Researchers record the results of their work in academic articles. The aim of these articles is to inform other researchers about research findings and to lay claim to the findings as new and original insights. Such claims are not usually acknowledged by other researchers until the article has been published in a peer-reviewed journal.
What is peer review? Peer review is a form of quality assessment. In this context, the word ‘peer’ (meaning an equal) refers to a fellow researcher. A peer review is therefore an assessment by a fellow specialist in the relevant field. Peer reviewers assess whether an article meets certain requirements, such as originality, accessibility and solid substantiation of the results. All academic journals work with a system like this in order to assure the quality of the articles they publish.
If an article is peer-reviewed, you can assume that the information is reliable and of the required standard. In many bibliographic databases you can search specifically for peer-reviewed articles.

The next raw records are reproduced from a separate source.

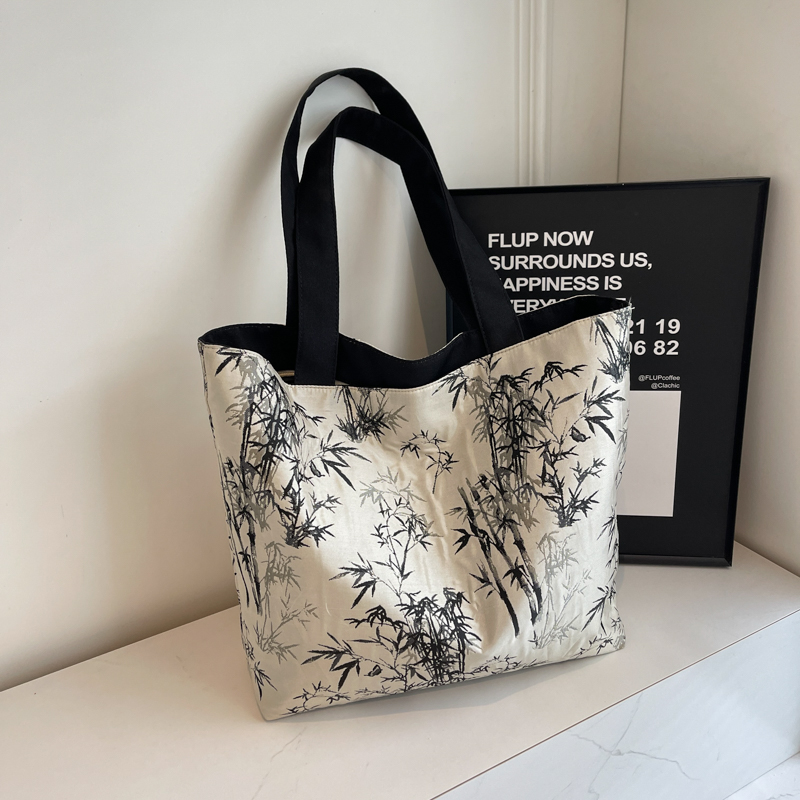 Chinese-Style Embroidered Canvas Tote Bag for Women - Large Capacity Shoulder Bag, Versatile for Class and Commuting Chinese-Style Embroidered Canvas Tote Bag for Women - Large Capacity Shoulder Bag, Versatile for Class and Commuting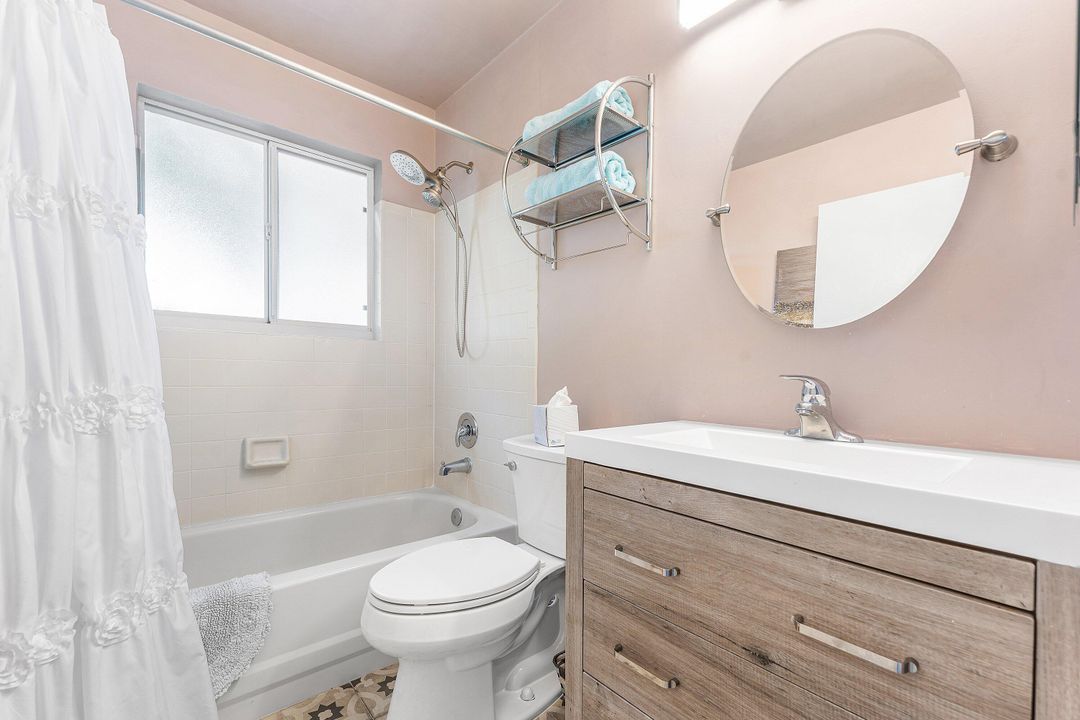 For Sale: $439,000 (2 beds, 2 baths, 1339 Square Feet)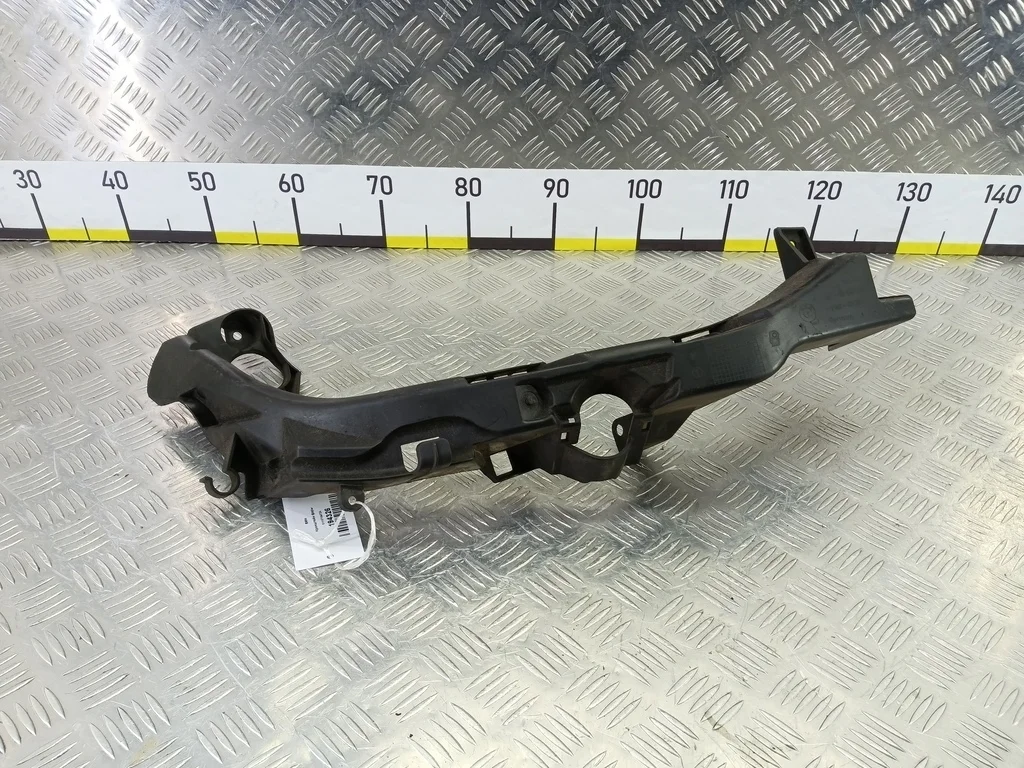 Кронштейн фары правой BMW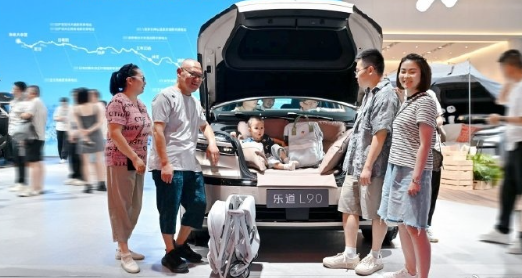 李斌新观点：现在买车，不仅要有冰箱彩电大沙发，还要有三室两厅（大三排+前备箱、后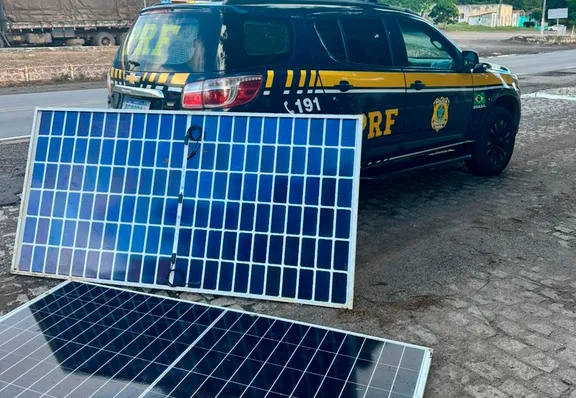 PRF prende homem por furto de carga após acidente na BR-116, na Bahia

If the editor decides to proceed with the article, two or more peer reviewers must be sought. The reviewers may be the authors of articles previously published in the journal, or other researchers who have an established reputation in a particular research field. The selected reviewers receive a letter or an e-mail asking them whether they are willing to assess an article before a certain date.They are only given the title and author(s) of the article, and in some cases an abstract. The editor will always look for reviewers who are fellow researchers and experts in the subject of the article, but also aims for diversity. In general, reviewers will accept a review request because it strenghtens their own reputation in the relevant research field.